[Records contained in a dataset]
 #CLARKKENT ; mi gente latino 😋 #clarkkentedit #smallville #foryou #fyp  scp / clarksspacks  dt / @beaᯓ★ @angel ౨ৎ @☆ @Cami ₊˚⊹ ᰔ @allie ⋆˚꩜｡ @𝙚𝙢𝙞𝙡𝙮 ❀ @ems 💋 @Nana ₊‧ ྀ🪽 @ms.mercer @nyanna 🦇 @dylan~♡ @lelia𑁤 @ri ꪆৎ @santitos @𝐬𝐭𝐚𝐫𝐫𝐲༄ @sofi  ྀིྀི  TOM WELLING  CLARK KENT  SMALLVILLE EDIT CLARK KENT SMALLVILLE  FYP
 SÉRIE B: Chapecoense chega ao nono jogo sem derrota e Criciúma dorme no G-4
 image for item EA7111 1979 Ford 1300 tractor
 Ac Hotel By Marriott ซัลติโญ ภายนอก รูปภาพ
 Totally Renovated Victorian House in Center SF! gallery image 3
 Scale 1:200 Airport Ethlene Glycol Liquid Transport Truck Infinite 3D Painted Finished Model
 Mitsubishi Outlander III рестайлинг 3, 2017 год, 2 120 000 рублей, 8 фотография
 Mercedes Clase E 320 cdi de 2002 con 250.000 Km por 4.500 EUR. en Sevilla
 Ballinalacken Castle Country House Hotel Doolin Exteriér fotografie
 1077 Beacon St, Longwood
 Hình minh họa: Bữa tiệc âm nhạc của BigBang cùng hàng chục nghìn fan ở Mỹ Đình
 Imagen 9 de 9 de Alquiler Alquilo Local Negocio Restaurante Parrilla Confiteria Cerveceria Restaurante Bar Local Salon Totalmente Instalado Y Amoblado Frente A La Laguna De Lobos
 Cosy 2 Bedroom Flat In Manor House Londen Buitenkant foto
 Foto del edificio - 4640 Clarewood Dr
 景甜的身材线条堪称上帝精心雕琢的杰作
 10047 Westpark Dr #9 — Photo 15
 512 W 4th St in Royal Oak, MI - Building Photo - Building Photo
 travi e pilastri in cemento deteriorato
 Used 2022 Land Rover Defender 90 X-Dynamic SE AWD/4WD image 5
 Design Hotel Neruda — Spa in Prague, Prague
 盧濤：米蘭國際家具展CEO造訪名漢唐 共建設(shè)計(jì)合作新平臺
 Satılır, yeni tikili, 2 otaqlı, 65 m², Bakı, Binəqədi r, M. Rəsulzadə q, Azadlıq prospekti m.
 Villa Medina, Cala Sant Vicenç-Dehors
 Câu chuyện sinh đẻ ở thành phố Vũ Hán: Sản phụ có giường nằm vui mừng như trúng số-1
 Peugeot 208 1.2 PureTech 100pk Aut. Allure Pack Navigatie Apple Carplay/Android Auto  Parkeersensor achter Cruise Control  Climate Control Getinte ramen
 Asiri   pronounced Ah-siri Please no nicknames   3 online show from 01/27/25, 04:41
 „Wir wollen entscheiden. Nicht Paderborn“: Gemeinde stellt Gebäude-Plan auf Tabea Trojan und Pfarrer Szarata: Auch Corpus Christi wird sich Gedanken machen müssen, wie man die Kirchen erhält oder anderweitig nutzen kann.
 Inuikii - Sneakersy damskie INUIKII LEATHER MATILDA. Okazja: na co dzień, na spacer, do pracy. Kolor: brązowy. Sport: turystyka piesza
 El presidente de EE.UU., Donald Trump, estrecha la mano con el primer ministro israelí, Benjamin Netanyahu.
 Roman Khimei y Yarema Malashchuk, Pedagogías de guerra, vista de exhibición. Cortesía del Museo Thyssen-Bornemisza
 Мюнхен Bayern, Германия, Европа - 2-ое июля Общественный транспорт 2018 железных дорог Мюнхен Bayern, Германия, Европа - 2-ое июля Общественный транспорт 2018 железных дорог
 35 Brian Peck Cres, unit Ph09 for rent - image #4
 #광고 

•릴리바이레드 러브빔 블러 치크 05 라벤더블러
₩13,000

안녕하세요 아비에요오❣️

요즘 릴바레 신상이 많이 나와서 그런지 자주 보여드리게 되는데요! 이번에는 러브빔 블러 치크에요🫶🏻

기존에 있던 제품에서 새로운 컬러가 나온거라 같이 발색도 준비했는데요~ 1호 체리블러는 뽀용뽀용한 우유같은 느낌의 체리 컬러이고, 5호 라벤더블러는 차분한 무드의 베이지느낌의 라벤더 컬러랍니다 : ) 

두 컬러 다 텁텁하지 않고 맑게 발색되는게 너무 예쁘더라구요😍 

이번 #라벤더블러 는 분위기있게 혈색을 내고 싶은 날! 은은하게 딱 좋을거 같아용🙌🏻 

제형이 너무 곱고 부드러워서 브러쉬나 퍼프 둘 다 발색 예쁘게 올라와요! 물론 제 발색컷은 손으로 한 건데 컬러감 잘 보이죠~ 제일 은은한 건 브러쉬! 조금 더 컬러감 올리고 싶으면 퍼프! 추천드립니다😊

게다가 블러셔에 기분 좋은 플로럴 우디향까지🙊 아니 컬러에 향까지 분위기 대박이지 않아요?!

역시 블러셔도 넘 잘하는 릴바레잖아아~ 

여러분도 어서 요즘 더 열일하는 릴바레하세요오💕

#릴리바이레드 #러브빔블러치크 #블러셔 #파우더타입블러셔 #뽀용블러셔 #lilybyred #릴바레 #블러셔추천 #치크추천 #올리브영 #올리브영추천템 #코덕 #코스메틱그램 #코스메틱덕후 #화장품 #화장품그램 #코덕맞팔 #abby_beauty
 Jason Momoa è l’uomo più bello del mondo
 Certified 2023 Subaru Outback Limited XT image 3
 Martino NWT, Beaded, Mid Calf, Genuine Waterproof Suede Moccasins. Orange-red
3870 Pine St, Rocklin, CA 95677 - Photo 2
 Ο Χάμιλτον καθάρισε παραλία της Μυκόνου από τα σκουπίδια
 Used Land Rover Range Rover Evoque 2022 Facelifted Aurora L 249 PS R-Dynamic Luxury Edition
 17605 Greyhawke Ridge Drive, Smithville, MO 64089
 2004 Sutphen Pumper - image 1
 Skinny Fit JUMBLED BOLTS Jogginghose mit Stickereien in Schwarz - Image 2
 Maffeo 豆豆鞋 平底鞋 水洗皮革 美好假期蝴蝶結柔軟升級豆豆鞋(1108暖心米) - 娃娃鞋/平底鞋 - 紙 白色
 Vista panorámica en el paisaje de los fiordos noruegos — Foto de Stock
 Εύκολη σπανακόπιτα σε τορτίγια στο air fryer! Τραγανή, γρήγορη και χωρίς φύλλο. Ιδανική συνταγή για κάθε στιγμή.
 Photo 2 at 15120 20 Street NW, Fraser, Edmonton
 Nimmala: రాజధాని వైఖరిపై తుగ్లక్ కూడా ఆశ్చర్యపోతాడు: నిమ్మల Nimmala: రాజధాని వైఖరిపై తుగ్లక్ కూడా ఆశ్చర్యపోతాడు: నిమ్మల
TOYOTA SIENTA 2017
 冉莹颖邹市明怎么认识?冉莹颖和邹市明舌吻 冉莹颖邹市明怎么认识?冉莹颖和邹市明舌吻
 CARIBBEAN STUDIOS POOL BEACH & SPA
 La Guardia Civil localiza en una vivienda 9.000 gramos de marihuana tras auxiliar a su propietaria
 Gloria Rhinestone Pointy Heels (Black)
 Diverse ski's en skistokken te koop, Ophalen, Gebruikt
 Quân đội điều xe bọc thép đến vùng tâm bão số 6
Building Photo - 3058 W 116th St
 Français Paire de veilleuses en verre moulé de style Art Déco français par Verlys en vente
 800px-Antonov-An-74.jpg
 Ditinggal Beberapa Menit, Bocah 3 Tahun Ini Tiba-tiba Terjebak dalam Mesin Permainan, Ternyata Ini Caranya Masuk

> [Directions for this task]: Once the line with "Mercedes Clase E" is found in the records above, print exactly that line and every line after it through the line with "Hình minh họa: Bữa".

> [Problem solution]:
 Mercedes Clase E 320 cdi de 2002 con 250.000 Km por 4.500 EUR. en Sevilla
 Ballinalacken Castle Country House Hotel Doolin Exteriér fotografie
 1077 Beacon St, Longwood
 Hình minh họa: Bữa tiệc âm nhạc của BigBang cùng hàng chục nghìn fan ở Mỹ Đình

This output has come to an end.